CEDSS-3.4: Brief Overview of the Model
CEDSS was initially developed as part of the EU Seventh Framework Programme’s GILDED project (GILDED 2012): "Governance, Infrastructure, Lifestyle Dynamics and Energy Demand: European Post-Carbon Communities", funded by grant number 225383 under Theme SSH 2007-2.1-04 “Socio-economic factors and actors that shape the 'post-carbon' society. The GILDED project examined both current domestic energy demand across five countries, and likely developments over the period to 2050, using a combination of methods: qualitative and quantitative empirical work, including the survey of Scottish households already mentioned, along with theory and modelling. The project employed goal-framing theory (Lindenberg and Steg 2007; Steg, Bolderdijk et al. 2014) as a theoretical tool; CEDSS tests the usefulness of that theory as the basis for an agent-based model, in combination with quantitative data on Scottish households (see the final Discussion section, and for more detail Polhill and Gotts 2017).
CEDSS is described below using a simplified version of the ODD protocol (Grimm et al. 2010). CEDSS is described in more detail elsewhere (Polhill and Gotts 2017; Gotts et al. 2014). The model and associated documentation are available on the OpenABM node of the CoMSES network at https://www.openabm.org/model/5137/version/1/view, where a full description of the input files and numerical parameters required to run the model is available.
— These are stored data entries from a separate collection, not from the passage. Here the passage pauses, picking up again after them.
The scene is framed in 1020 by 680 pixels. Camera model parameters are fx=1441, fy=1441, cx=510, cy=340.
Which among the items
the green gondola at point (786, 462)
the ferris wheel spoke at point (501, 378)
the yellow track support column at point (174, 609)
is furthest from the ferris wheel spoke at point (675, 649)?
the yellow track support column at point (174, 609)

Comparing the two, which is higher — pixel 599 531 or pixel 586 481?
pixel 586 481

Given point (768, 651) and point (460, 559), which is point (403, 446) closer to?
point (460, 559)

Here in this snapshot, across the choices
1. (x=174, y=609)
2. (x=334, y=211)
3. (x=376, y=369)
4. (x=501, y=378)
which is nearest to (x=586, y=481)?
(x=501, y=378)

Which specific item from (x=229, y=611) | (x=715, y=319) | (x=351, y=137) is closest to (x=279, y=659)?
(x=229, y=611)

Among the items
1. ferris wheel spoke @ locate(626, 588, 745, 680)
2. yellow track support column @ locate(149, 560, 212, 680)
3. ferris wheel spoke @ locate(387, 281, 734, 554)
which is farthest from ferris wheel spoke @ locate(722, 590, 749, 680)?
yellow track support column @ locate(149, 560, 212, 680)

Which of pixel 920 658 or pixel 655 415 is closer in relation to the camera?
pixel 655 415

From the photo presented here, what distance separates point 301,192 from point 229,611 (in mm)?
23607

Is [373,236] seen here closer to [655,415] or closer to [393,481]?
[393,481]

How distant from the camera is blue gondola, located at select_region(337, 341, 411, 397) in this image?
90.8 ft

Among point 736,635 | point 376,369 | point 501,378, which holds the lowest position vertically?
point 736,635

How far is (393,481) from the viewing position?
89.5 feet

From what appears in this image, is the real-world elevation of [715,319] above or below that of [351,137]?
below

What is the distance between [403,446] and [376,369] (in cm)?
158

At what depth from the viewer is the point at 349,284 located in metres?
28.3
Purpose and brief description of CEDSS entities
The purpose of CEDSS is to explore policy scenarios and campaigns aimed at reducing domestic energy demand, in the context of economic scenarios affecting energy prices and household income. It aims to illuminate possible future interactions (up to 2049) between government action, household and community values, and economic and technological factors in determining future levels of demand. It is not an attempt at producing a predictive model, but rather one that can illuminate the interplay of multiple forces and processes affecting domestic energy demand, over the period which government and other actors concerned with energy policy need to consider. In planning policy in this area, local and national governments need to make assumptions about how households and communities will behave, which in turn depends in part on the values they hold; CEDSS has therefore needed to explore a range of plausible assumptions about the dynamics of relevant values over the period of interest.
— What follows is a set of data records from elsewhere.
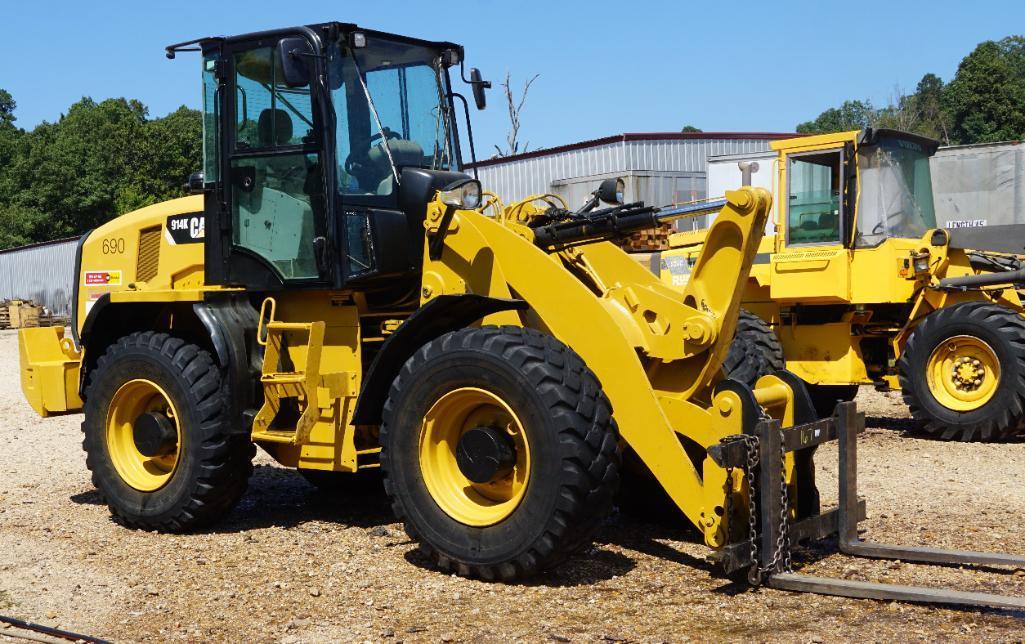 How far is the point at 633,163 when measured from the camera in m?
28.6

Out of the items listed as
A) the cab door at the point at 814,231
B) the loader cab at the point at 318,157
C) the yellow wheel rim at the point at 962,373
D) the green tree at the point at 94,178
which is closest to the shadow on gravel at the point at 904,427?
the yellow wheel rim at the point at 962,373

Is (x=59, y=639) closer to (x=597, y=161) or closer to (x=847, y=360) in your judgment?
(x=847, y=360)

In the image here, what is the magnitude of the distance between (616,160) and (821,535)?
23095mm

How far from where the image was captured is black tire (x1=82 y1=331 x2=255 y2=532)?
23.4ft

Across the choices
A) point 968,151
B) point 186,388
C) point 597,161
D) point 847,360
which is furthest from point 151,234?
point 597,161

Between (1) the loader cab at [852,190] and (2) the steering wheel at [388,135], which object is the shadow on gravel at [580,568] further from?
(1) the loader cab at [852,190]

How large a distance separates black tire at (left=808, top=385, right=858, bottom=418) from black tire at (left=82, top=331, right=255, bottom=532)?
7614 millimetres

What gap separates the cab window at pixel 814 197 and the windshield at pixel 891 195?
0.78ft

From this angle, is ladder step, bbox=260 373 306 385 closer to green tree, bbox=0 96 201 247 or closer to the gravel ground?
the gravel ground

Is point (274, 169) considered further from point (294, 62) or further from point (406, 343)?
point (406, 343)

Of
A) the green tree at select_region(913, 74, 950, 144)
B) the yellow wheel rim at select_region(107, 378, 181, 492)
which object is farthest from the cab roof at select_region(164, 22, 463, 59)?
the green tree at select_region(913, 74, 950, 144)

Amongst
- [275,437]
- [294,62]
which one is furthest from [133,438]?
[294,62]

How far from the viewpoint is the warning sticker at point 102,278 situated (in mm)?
8242

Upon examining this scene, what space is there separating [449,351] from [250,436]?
1.88 metres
CEDSS focuses on direct domestic energy use for heating and household appliances; the amounts of energy (electricity, gas and oil) used for these purposes by the households modelled are the main outputs used in assessing the model. CEDSS households (the model’s agents) make decisions about buying energy-using and energy-saving equipment. Each has a dwelling (house or flat), and a set of appliances, including a heating system. Dwelling size and other fixed properties affect the energy required for space-heating, as does insulation-state (presence or absence of double-glazing and wall insulation, presence and depth of loft insulation). Households have three “value-strength” parameters: hedonic, biospheric and egoistic, used to determine the “goal-frame” within which decisions are made: the enjoy goal-frame corresponding to hedonic values, the sustain goal-frame to biospheric and the gain goal-frame to egoistic values.
Process overview and scheduling
The model operates with a quarterly time-step, with a schedule of multiple activities occurring within each time-step, as follows (see Figure 1).
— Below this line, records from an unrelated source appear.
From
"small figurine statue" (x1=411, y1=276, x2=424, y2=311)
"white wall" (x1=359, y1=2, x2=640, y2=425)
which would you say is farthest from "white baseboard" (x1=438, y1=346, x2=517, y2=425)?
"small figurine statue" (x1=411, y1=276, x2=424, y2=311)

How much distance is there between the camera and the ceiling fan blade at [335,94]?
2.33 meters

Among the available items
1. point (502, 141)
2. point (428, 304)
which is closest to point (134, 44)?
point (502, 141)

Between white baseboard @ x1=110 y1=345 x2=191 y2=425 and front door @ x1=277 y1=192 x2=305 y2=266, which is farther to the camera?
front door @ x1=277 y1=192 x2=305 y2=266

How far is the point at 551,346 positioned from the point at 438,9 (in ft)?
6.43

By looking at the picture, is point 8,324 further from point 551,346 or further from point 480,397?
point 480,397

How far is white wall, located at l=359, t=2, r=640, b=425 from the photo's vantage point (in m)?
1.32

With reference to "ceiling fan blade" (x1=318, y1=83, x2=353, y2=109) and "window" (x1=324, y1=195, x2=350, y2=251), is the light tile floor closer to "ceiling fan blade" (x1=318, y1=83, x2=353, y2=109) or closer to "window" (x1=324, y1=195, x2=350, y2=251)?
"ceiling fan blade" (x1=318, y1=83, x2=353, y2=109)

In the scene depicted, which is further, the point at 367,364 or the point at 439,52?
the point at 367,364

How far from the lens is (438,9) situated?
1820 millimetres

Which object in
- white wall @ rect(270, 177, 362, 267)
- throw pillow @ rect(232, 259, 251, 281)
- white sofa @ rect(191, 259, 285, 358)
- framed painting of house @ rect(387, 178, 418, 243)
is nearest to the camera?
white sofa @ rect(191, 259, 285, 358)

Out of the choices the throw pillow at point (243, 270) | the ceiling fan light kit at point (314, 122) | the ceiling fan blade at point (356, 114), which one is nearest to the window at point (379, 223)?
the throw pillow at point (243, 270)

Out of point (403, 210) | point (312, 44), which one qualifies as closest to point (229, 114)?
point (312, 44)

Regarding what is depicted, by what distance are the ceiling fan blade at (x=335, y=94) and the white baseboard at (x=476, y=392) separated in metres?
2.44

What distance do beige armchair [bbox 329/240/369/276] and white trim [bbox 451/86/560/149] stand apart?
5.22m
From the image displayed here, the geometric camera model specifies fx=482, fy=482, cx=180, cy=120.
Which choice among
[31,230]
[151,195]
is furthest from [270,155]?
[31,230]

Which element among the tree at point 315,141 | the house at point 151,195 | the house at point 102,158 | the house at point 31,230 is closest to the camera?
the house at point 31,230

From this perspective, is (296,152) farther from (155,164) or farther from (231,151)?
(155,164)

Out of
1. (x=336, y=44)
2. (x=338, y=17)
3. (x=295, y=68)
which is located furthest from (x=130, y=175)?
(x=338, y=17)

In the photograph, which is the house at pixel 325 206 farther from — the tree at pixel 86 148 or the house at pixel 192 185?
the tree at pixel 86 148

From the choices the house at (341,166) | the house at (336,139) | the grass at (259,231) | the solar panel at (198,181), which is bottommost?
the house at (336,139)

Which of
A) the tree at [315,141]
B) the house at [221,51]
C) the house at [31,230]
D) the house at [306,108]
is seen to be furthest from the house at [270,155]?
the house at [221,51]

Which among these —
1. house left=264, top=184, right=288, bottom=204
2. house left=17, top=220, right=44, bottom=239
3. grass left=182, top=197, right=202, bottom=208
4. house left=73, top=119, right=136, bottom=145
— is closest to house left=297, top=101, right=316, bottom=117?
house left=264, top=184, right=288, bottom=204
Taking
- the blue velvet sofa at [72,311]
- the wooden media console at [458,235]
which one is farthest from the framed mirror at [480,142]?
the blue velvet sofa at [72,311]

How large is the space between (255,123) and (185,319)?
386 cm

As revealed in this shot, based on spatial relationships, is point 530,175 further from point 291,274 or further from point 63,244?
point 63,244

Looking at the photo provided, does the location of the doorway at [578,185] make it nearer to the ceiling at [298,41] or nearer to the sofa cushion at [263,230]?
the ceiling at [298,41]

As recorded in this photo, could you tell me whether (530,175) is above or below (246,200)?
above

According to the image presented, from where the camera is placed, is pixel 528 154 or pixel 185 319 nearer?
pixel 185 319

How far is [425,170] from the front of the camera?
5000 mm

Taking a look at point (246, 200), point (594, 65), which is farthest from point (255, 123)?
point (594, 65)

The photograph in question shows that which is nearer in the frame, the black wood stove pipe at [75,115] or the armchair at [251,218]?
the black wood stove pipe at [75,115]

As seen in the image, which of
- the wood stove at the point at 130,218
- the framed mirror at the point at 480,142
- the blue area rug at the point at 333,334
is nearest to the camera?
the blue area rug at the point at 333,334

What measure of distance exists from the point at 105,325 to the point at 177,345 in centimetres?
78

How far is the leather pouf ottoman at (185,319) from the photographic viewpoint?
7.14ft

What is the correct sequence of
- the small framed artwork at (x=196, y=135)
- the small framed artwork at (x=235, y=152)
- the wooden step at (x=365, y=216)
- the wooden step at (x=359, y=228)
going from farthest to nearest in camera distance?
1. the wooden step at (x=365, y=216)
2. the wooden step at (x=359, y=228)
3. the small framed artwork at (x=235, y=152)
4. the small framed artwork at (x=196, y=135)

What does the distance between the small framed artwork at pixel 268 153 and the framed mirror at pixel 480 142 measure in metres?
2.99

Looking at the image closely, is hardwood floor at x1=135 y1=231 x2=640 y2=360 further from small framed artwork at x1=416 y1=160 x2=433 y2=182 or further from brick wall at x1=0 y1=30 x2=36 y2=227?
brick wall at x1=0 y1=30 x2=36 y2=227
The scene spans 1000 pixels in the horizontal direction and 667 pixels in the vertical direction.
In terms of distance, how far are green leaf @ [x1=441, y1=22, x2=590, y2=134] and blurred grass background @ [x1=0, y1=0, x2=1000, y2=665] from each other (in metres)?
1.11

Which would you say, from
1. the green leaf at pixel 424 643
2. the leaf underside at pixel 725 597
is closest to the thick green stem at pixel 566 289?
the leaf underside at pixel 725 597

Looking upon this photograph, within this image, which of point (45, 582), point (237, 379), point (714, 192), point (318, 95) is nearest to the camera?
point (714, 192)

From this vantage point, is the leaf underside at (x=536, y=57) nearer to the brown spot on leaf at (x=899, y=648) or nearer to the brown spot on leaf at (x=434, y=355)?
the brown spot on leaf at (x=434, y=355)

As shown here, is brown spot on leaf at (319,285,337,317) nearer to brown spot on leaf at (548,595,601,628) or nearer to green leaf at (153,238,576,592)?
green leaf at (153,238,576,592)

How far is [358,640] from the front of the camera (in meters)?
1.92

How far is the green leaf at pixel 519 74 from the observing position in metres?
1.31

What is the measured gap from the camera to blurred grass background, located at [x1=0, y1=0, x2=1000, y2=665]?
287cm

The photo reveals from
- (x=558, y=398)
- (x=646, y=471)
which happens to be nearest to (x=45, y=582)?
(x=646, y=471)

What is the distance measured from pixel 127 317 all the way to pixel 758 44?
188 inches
First, new appliances (and types of insulation) may become available to buy, and existing ones may become unavailable, representing the normal commercial processes of the market in household appliances – although the range of choice within the model is more limited than in reality. Over time, the range of available options will change considerably, with more efficient but also larger and higher-performance items coming onto the market. Meanwhile, some of a household’s appliances may break down, requiring replacement; this takes place at the start of the time-step, although of course in reality it may occur at any point; CEDSS does not model less serious breakdowns that allow for repair. The household also receives income – representing not its total income, but what is available to be spent on energy and energy-related equipment. Income figures are calculated based on data from the survey of real households, adjusted over time to take account of past and projected changes in economic conditions and spending patterns. Together, these factors set the range of choices available to a household; actual decisions depend on household values and inter-household contacts.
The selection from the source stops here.